On 06/15/2012 02:42 PM, Eric Blake wrote:
> On 06/15/2012 12:16 PM, Corey Bryant wrote:
>
>>> I think you need to honor flags so that the end use of the fd will be as
>>> if qemu had directly opened the file, rather than just doing a blind dup
>>> with a resulting fd that is in a different state than the caller
>>> expected.  I can think of at least the following cases (there may be
>>> more):
>>
>> I was thinking libvirt would handle all the flag settings on open
>> (obviously since that's how I coded it).  I think you're right with this
>> approach though as QEMU will re-open the same file various times with
>> different flags.
>
> How will libvirt know whether qemu wanted to open a file with O_TRUNCATE
> vs. reusing an entire file, or with O_NONBLOCK or not, and so forth?  I
> think there are just too many qmeu_open() calls with different flags to
> expect libvirt to know how to pre-open all possible fds in such a manner
> that /dev/fd/nnn will be a valid replacement for what qemu would have
> done, in the cases where qemu can instead correct flags itself.
>

I agree completely.

>>
>> There are some flags that I don't think we'll be able to change.  For
>> example: O_RDONLY, O_WRONLY, O_RDWR.  I assume libvirt would open all
>> files O_RDWR.
>
> I agree that this can't be changed, so this is one case where libvirt
> will have to know what the file will used for.  But it is also a case
> where qemu can at least check whether the fd passed in has sufficient
> permissions (fcntl(F_GETFL)) for what qemu wanted to use, and should
> error out here rather than silently succeed here then have a weird EBADF
> failure down the road when the dup'd fd is finally used.  You are right
> that libvirt should always be safe in passing in an O_RDWR fd for
> whatever qemu wants, although that may represent security holes (there's
> reasons for O_RDONLY); and in cases where libvirt is instead passing in
> one end of a pipe, the fd will necessarily be O_RDONLY or O_WRONLY
> (since you can't have an O_RDWR pipe).

Good points.  In addition to flag setting, I'll add some flag checking 
for those flags that can't be set (ie.
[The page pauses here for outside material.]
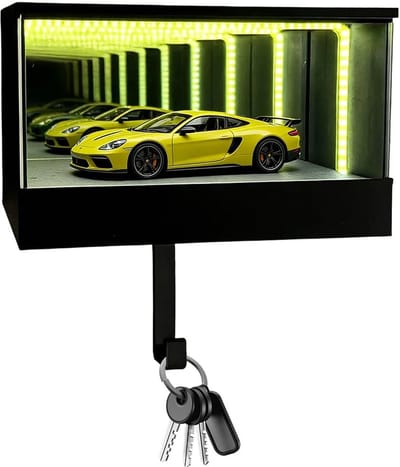 Dailygoods - Lichtgevende Infinity garage sleutelhanger, autosleutel, wandhouder met led, garage-autosleutel-display met spiegel-diepillusie, automan, kerstcadeaus voor mannen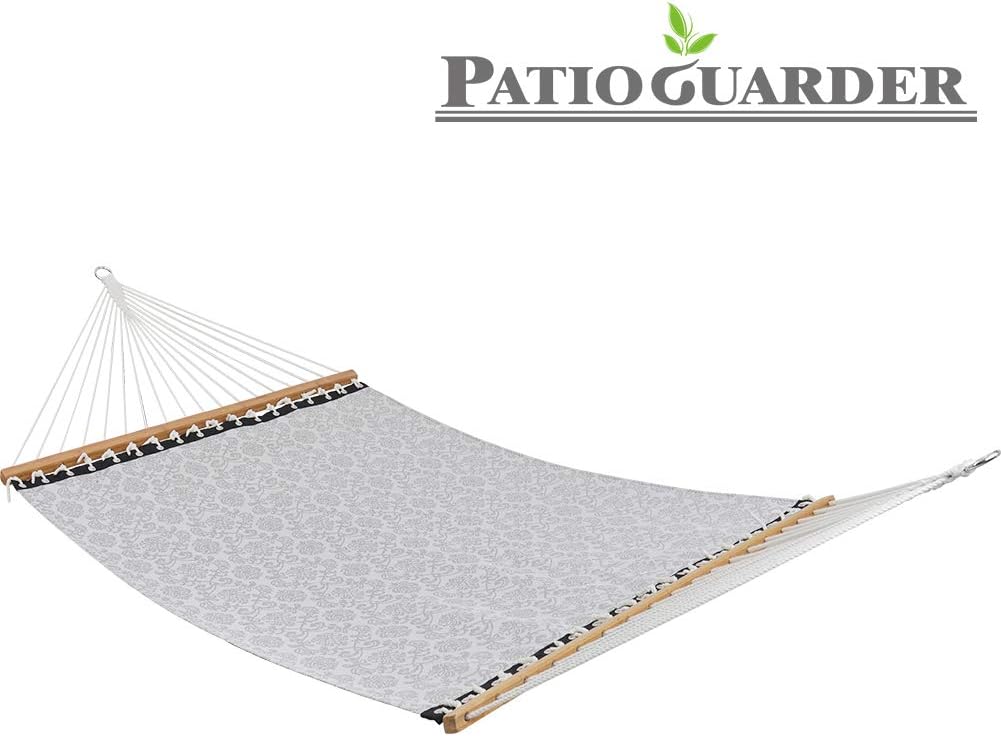 Patio Guarder 14 FT Portable Hammock with Double Size, Quick Dry Hammock with Solid Bamboo Spreader Bar and Chains, Outdoor Patio Yard Beach Hammock, UV Resistance, 450 Lb Capacity, Jacquard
O_RDONLY, O_WRONLY).

>
>>> Oh, and are we using MSG_CMSG_CLOEXEC where possible (and where not
>>> possible, falling back to fcntl(F_GETFD/F_SETFD) to set FD_CLOEXEC) on
>>> all fds received by 'getfd' and 'pass-fd'?  I can't think of any reason
>>> why 'migrate fd:name' would need to be inheritable, and in the case of
>>> /dev/fd/ parsing, while the dup() result may need to be inheritable, the
>>> original that we are dup'ing from should most certainly be cloexec.
>>
>> It doesn't look like we use MSG_CMSG_CLOEXEC anywhere in QEMU.  I don't
>> think we can modify getfd at this point (compatibility) but we could
>> update pass-fd to set it.  It may make more sense to set it with
>> fcntl(FD_CLOEXEC) in qmp_pass_fd().
>
> That's not atomic.  If we don't care about atomicity (for example, if we
> can guarantee that no other thread in qemu can possibly fork/exec in
> between the monitor thread receiving an fd then converting it to
> cloexec, based on how we hold a mutex), then that's fine.  OR, if we
> make sure _all_ fork() calls sanitize themselves, by closing all fds in
> the getfd/pass-fd list prior to calling exec(), then we don't have to
> even worry about cloexec (but then you have to worry about locking the
> getfd name list, since locking a list to iterate it is not an async-safe
> action and probably can't be done between fork() and exec()).
> Otherwise, using MSG_CMSG_CLOEXEC is the only safe way to avoid leaking
> unintended fds into another thread's child process.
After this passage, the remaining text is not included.